Re: Index files autocompletion too slow in big repositories (w / suggestion for improvement)

2017-04-17 Thread Johannes Sixt

Am 17.04.2017 um 06:05 schrieb Junio C Hamano:

Johannes Sixt  writes:

This is about command line completion. We go a long way to avoid
forking processes there. What is 10x faster on Linux despite of
forking a process may not be so on Windows.

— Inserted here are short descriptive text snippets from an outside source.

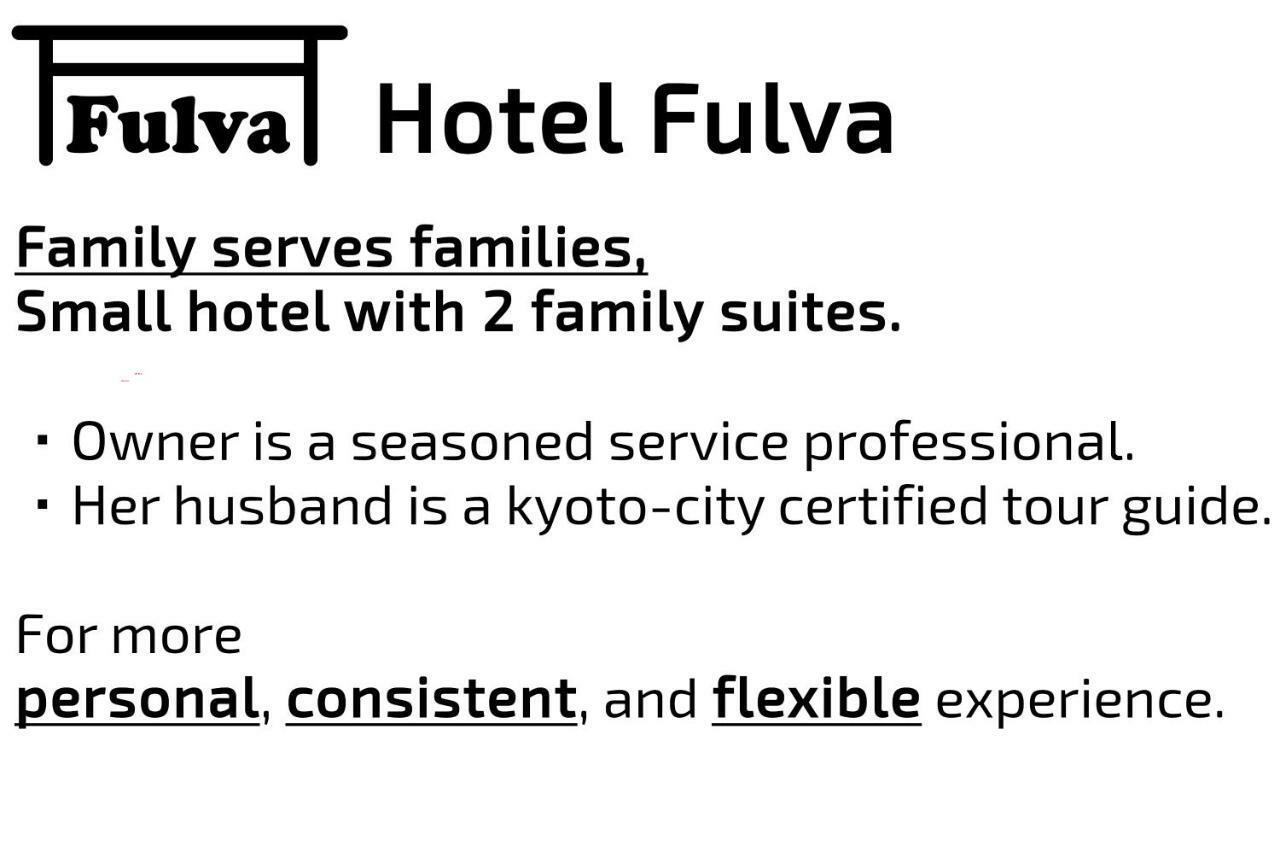 Hotel Fulva Kyoto Dış mekan fotoğraf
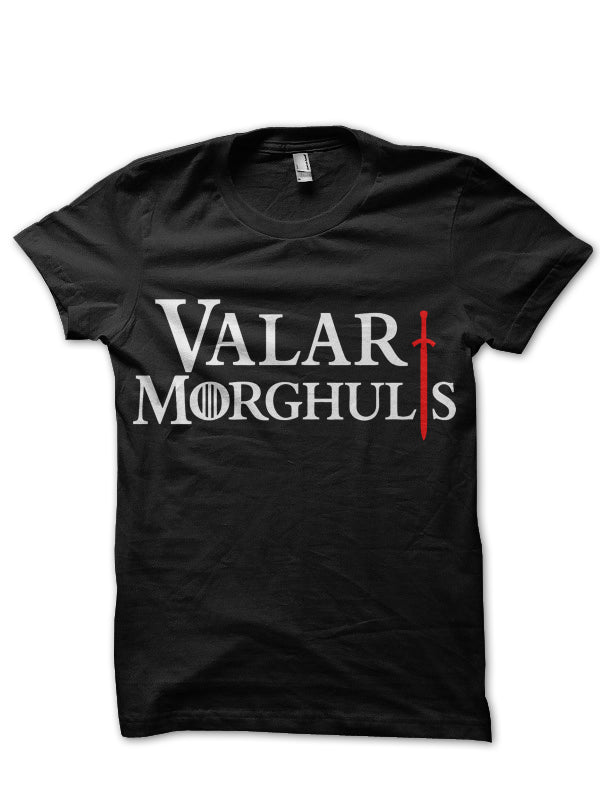 Valar Morghulis Black V-Neck T-Shirt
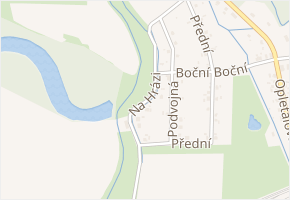 Na Hrázi v obci Bohumín - mapa ulice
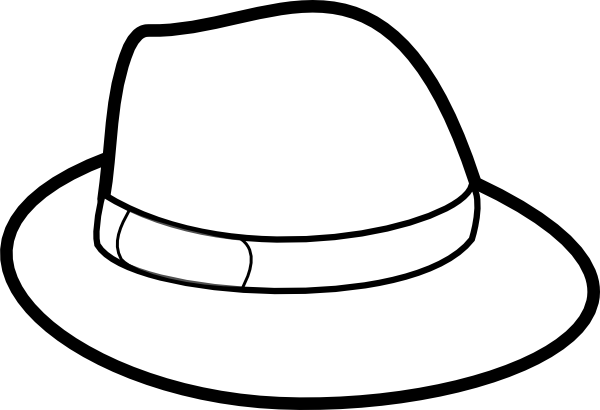 hat clipart black and white - photo #2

Doesn't this depend on how many paths there are?  If there are only
a few paths, the loop in shell would beat a pipe into sed even on
Linux, I suspect, and if there are tons of paths, at some number,
loop in shell would become slower than a single spawning of sed on
platforms with slower fork, no?


Absolutely. I just want to make sure a suggested change takes into 
account the situation on Windows, not only the "YE!" and "VERY 
WELL!" votes of Linux users ;)


-- Hannes



Re: Index files autocompletion too slow in big repositories (w / suggestion for improvement)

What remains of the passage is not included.